For Global Peace with Social Justice in a Sustainable Environment

Prof. Dr. Yogendra Yadav

Senior Gandhian Scholar, Professor, Editor and Linguist

Gandhi International Study and Research Institute, Jalgaon, Maharashtra, India

Contact No. – 09404955338, 09415777229

E-mail- dr.yadav.yogendra@gandhifoundation.net;

dr.yogendragandhi@gmail.com

Mailing Address- C- 29, Swaraj Nagar, Panki, Kanpur- 208020, Uttar Pradesh, India

 

 

Equality of Religions- Mahatma Gandhi   

 

This is the new name we have given to the Ashram observance which we know as ‘Tolerance’. ‘Sahishnuta’ is a translation of the English word ‘Tolerance’. I did not like that word, but could not think of a better one. Kakasaheb, too, did not like that word. He suggested ‘Respect for all religions’. I didn’t like that phrase either. Tolerance may imply a gratuitous assumption of the inferiority of other faiths to one’s own and respect suggests a sense of patronizing whereas ahimsa teaches us to entertain the same respect for the religious faiths of others as we accord to our own, thus admitting the imperfection of the latter. This admission will be readily made by a seeker of Truth, who follows the law of Love. If we had attained the full vision of Truth, we would no longer be mere seekers, but would have become one with God, for Truth is God. But being only seekers, we prosecute our quest, and are conscious of our imperfection. And if we are imperfect ourselves, religion as conceived by us must also be imperfect. We have not realized religion in its perfection, even as we have not realized God. Religion of our conception, being thus imperfect, is always subject to a process of evolution and re-interpretation.

Progress towards Truth, towards God, is possible only because of such evolution. And if all faiths outlined by men are imperfect, the question of comparative merit does not arise. All faiths constitute a revelation of Truth, but all are imperfect and liable to error. Reverence for other faiths need not blind us to their faults. We must be keenly alive to the defects of our own faith also, yet not leave it on that account, but try to overcome those defects. Looking at all religions with an equal eye, we would not only hesitate, but would think it our duty, to blend into our faith every acceptable feature of other faiths. The question then arises: why should there be so many different faiths? The soul is one, but the bodies which she animates are many. We cannot reduce the number of bodies; yet we recognize the unity of the soul. Even as a tree has a single trunk, but many branches and leaves, so is there one true and perfect Religion, but it becomes many as it passes through the human medium. All religions are divinely inspired, but they are imperfect because they are products of the human mind and taught by human beings. The one Religion is beyond all speech. Imperfect men put it into such language as they can command and their words are interpreted by other men equally imperfect. Whose interpretation is to be held to be the right one?
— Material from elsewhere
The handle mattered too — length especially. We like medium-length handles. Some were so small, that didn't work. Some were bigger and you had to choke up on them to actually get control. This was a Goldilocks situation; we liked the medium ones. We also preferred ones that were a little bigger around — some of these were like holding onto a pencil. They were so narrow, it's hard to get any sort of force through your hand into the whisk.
Everybody is right from his own standpoint, but it is not impossible that everybody may be wrong Hence the necessity for tolerance, which does not mean indifference towards one’s own faith, but a more intelligent and purer love for it.
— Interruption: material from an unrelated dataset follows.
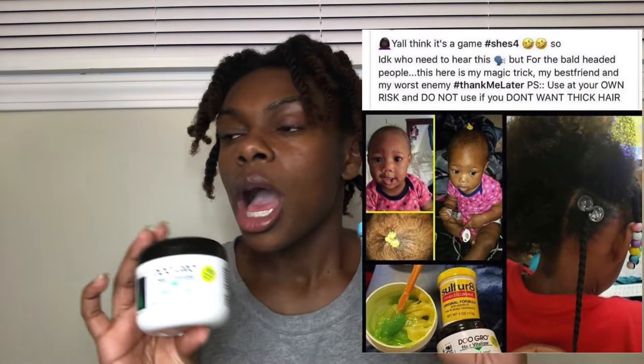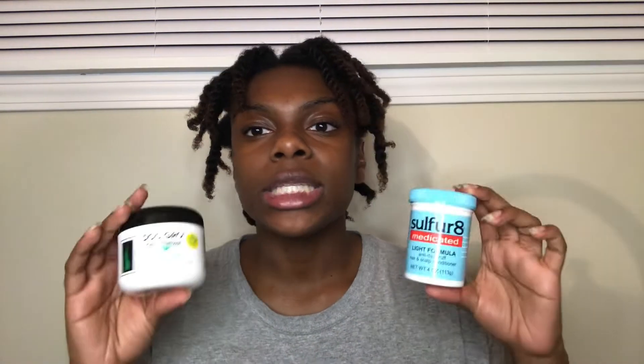Let's get into this video. Today, if you don't know already from the title, I will be doing the 30-day Sulfur 8 and DoGro challenge. I've seen this online, on Instagram, on different social media platforms.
Tolerance gives us spiritual insight, which is as far from fanaticism as the North Pole is from the south. True knowledge of religion breaks down the barriers between faith and faith. Cultivation of tolerance for other faiths will impart to us a truer understanding of our own. Tolerance obviously does not disturb the distinction between right and wrong, or good and evil. The reference here throughout is naturally to the principal faiths of the world. They are all based on common fundamentals. They have all produced great saints. There is some difference between tolerance towards other religions and tolerance towards their followers. We should have equal regard for all human beings for the wicked as for the saintly, for the impious as for the pious but we should never tolerate irreligion.